The Good The Bad and The Ugly, What Europe Can Learn from the U.S. and Canadian Cannabis Industries – Cannabis Business Executive


Europe has a lot to learn from the U.S. and Canada as it transforms: the good, the bad, and the ugly. Cannabis not only has proven medical benefits but financial benefits to both consumers and countries that benefit from greater access. There is also an estimated $160 million black market that is being disrupted, as well as entire government agencies and jail budgets. This is all positive for the legal industry and government spending.

THE GOOD

The U.S. and Canadian markets have shown definitively through various state/regional models that clear pro-cannabis rules bring a large variety of safe cannabis products to consumers, as well as one of the largest growing employment sectors. Both bring increased taxable revenue to the governments for their programs. Even with the spread of COVID-19, U.S. revenues continue to surge in 2020. Thousands of different products are driving $13 billion in sales, plus double that in supporting ancillary business revenue from construction to packaging as well as the media & event advertising sector. Canada, similarly, has now introduced edibles and concentrates under their 2.0 program which is increasing their 2020 revenue to $2.5 Billion in sales. Support industries to cannabis are also adding over twice that amount. 

Consumers from various demographics now have safe access to many cannabis products. If you want to smoke the flower, vape the oil, put drops under your tongue, take a pill, put a topical on your skin or enjoy the taste of edibles, as a consumer you have a variety of options. Legalization is changing consumer demographics rapidly, as age groups like seniors who are 65+ are becoming more educated as to the pain relief and sleep benefits that cannabis can provide. Professionals are welcoming the calming effects to remedy their work stress. And patients of many disorders are gravitating to cannabis and away from big pharma solutions. The U.S. and Canada have proven definitively that cannabis is mainstream and wanted by consumers. New models divergent from big pharma put the healing in the consumer’s hands.

THE BAD

The ambiguity of rules and slow adoption of distribution has caused slower educational outreach and availability of cannabis benefits than otherwise could have helped patients. Canada’s slow adoption of rules for education and product diversity, and the U.S. State-by-State politics and lack of federal support,  have left the consumer guessing with trial and error what may work to treat their for their ailments. You hear politicians claiming they need more research yet fail to provide any evidence, either positive or negative, for decades and no funding with clear objectives. The DEA guided research has been dogged for years and scientific advancement stifled by the same organization trained to stop marijuana for decades. The FDA, WHO, and other health organizations continue to take advice from big pharma and lack structure to regulate tens of thousands of new entrants.

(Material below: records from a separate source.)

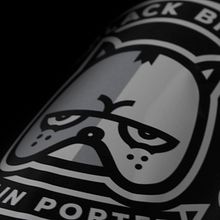 Black Bitch. Brewing Co. Art Direction, Traditional illustration, and Packaging project by rafa san emeterio - 07.27.2015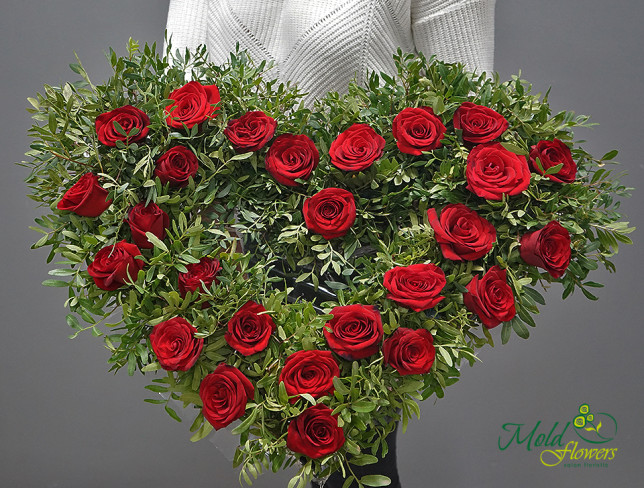 Венок из красных роз в форме сердца (под заказ, 1 день) Фото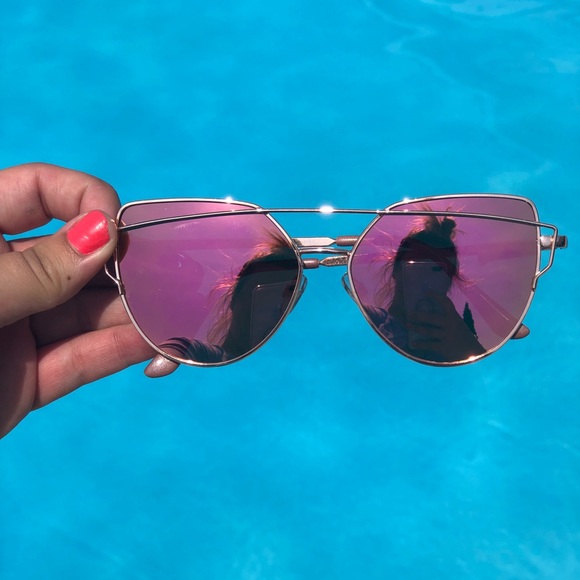 Sunglasses - Picture 1 of 3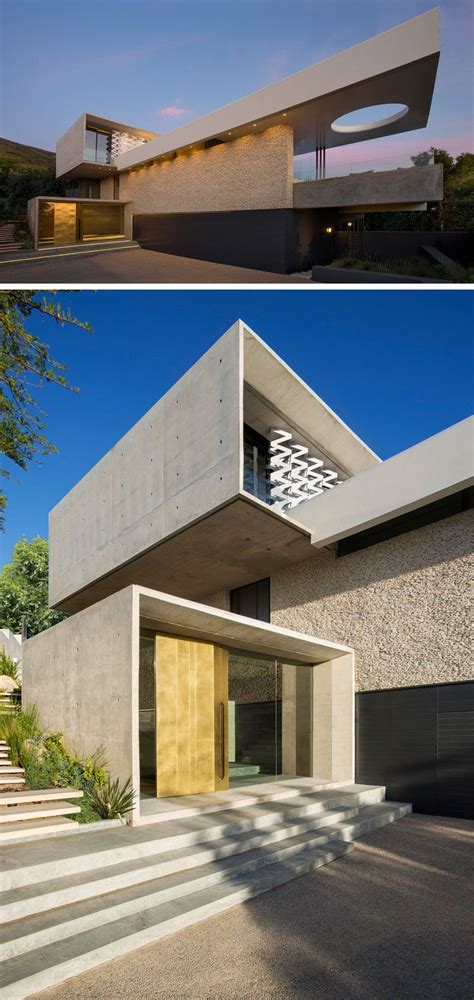 The Modern House Is Made Up Of Rectangular Forms That Are Positioned On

Consumer demand is slowly moving these pieces but lack of education will continue to slow progress towards leading a fuller life without all the rules attached. The formation of specialized distribution points called “dispensaries” is recreating-the-wheel to reach consumers. Without mainstream mass distribution networks like pharmacies being used to educate and distribute cannabis in a uniform common way, reaching the consumer becomes an expensive practice. This keeps prices abnormally inflated and limits consumer awareness to find what they need.

THE UGLY

Big pharma, the black-market, and insane taxation all work against the legal industries’ survival in different ways. Of course, big pharma doesn’t want to lose their revenue streams from pain relievers and sleeping aids to legal cannabis players; they also have the ears of many governments since they are the largest customers. The black-market is estimated to be as much as ten times larger than the legal market and has a 40 year head start on legal markets. These players don’t abide by costly regulation and taxation making their lower costs appealing to the undiscerning consumer and taking away from the legal industries revenue base. 

Meanwhile, governments are enjoying the increased employment and tax revenue while taking big pharma lobbying money and not wanting to spend to reduce black-market proliferation. In essence, they are squeezing the life out of the legal industry but not helping it to thrive and innovate further. Big pharma has been given enough control over major ailments, the black market isn’t needed with mass distribution, and not helping the industry with reasonable taxation and representation slows progress.

CONCLUSION

Europe has a great opportunity to learn from the good, bad, and the ugly of the U.S. and Canadian regulated Cannabis Industry and perfect their regulatory system and best practices. Legalization is working and consumers want legal cannabis. They want to be guided as to proper uses rather than be kept in the dark under old mantras.

Consumers’ shopping habits want to remain with their local stores for the easiest access and lowest costs. Holistic and herbal remedies replacing pharmaceuticals is an on-going trend that will continue far into the future, leaving pharma to cure the major diseases. Nobody wants to be told that non-lethal pain, anxiety, or sleep aid requires a long approval process. And the data is clear, supporting the growth of the legal cannabis industry brings benefits of more jobs, better health care solutions, and tax revenue without the costs of fighting a natural path to health. Putting the consumers first will eventually drive sound and responsible decisions.